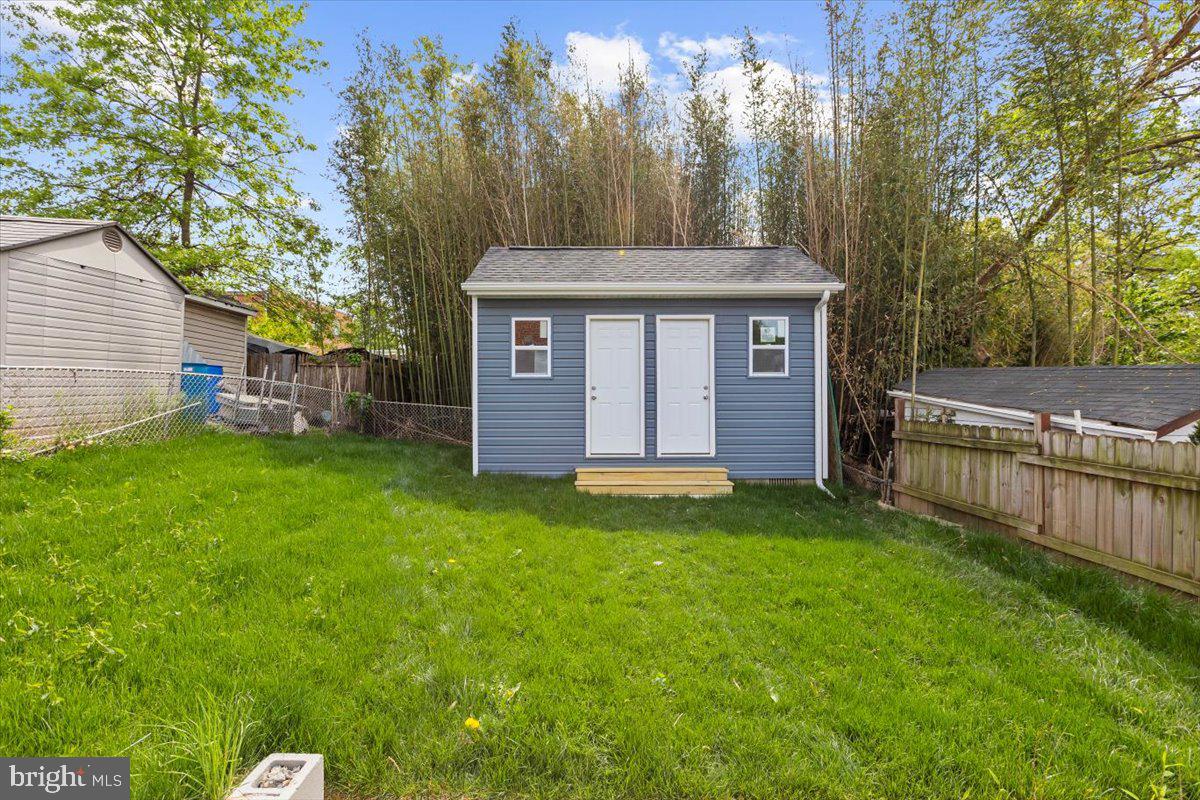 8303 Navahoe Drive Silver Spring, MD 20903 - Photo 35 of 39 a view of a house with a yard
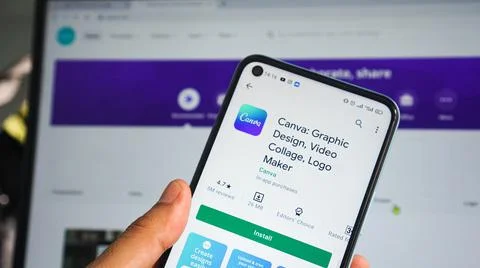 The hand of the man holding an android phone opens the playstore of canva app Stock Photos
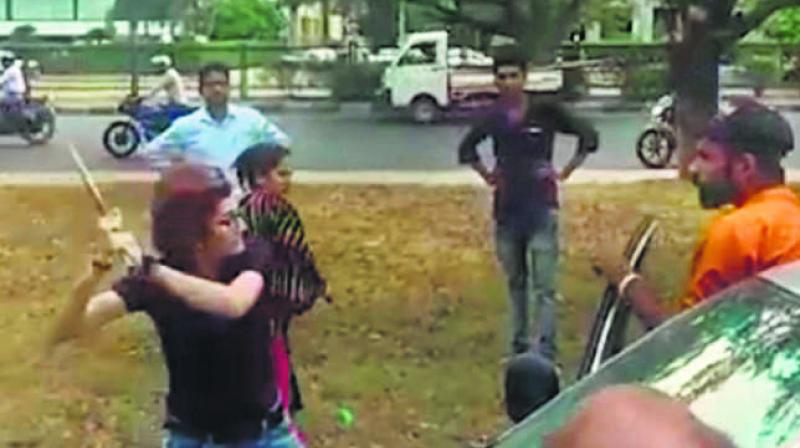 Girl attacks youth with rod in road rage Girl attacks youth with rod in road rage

→ **WHAT YOU WILL DO**
Reproduce the data verbatim. Do not carry any picture into the copy.

→ **REPLY TO THE EXERCISE**
 8303 Navahoe Drive Silver Spring, MD 20903 - Photo 35 of 39 a view of a house with a yard
 The hand of the man holding an android phone opens the playstore of canva app Stock Photos
 Girl attacks youth with rod in road rage Girl attacks youth with rod in road rage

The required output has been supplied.